Deloitte predicts that streaming on demand “stacking”—the consumer practice of subscribing to multiple, standalone video-on-demand services—will decline in 2025. The average number of subscriptions in each “stack” will likely peak at different levels depending on the market, at about four per consumer in the United States and just over half that in the European market.1 By implication, the aggregate number of standalone subscriptions per market will likely fall, even if revenues from streaming video on demand (SVOD) may still increase due to price raising, password-sharing crackdowns, and bundling.
The peak is an expected consequence of a reevaluation of the viability of a video industry marketplace consisting primarily of many dozens of individual direct-to-consumer (DTC) subscription video providers,2 with each household purchasing multiple subscriptions in place of a single pay TV subscription.

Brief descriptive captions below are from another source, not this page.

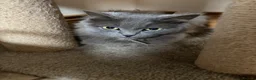 Mixed Breed cats for sale: British long hair mix kittens - Advert 4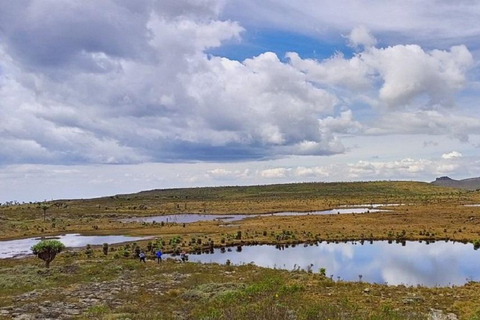Aberdares: Caminhada guiada pelas Sete Lagoas com vistas panorâmicasAberdares: Caminhada guiada pelas Sete Lagoas com vistas incríveis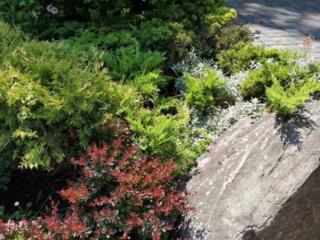 Все виды услуг по благоустройству сада - ландшафтный дизайн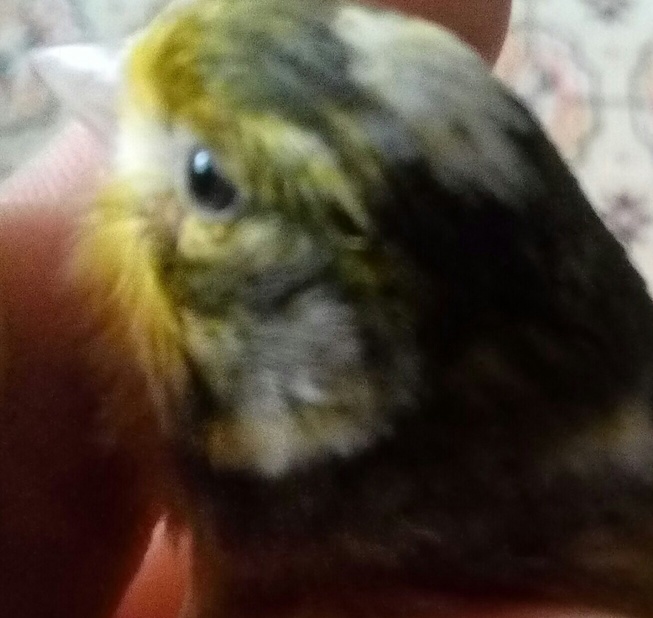 image.jpg
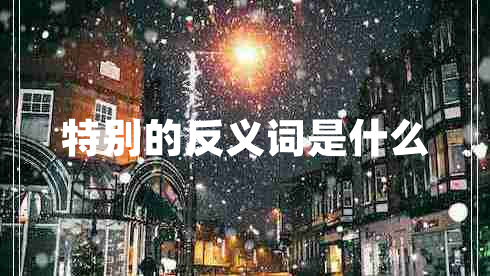 特別的反義詞是什么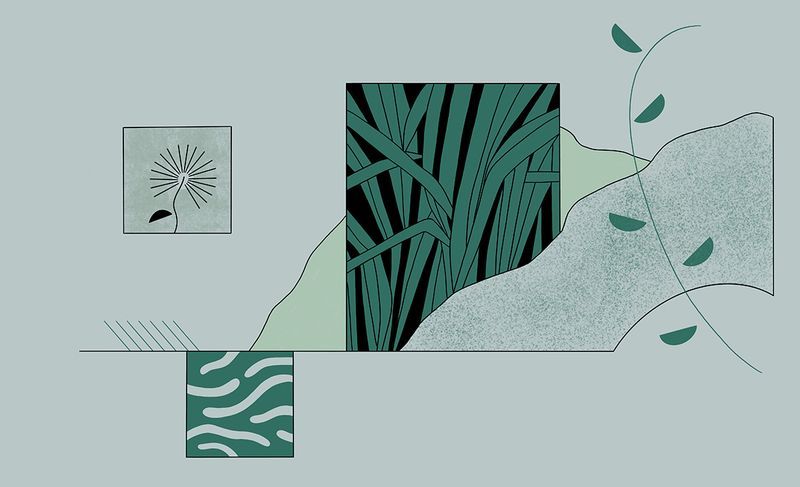 Illustration: What is land restoration?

Instead, the likely direction for the industry could be a return to aggregation of content from different providers. This is an approach that pay TV providers have traditionally offered, but which has become considered outmoded.
In the medium term, we expect that the video industry may end up consisting of a handful, most commonly a duo or trio, of standalone SVOD players per national market, along with aggregators. The companies doing the aggregating are expected to be legacy pay TV companies, or telcos, or tech platforms, or the largest SVOD players. In the United Kingdom, as of September 2024, 43% of its SVOD subscribers surveyed purchased at least one of their services via another party (pay TV provider, telco, or tech platform). Among smaller SVOD providers surveyed, close to half of all their subscriptions were via an aggregator; among larger providers, about a quarter of subscriptions were indirect.3
Based on our conversations with those in the industry, Deloitte expects each aggregator will offer a version of the pay TV model including some (and occasionally all) of the following: a single account and bill, standard and optional content channels, 12-month (or longer) contracts, an electronic program guide showing all available content, ad sales and playout, and centralized marketing. The return to aggregation will likely accelerate in 2025 but may not be complete for several years.
The 2010s were characterized by two adoption trends: a sustained growth in the number of households with access to SVOD services and a steady increase in the number of services used. Deloitte’s research shows a steady increase in the average number of subscriptions in the European market from 1.3 in 2018 to a plateau of 2.35 in both 2023 and 2024 (figure 1). In the United States, Deloitte’s 2024 Digital Media Trends reported that the average number of SVOD services has been steady at four since 2020.4
Given that some fundamental benefits of standalone SVOD were giving consumers control over content choice and contract length and enabling content providers to bypass distributors, moving back to fewer, larger, pricier, and longer-term bundles may feel like a backward step.
But a return to a version of the aggregation model may offer the equilibrium that balances consumers’ and suppliers’ needs.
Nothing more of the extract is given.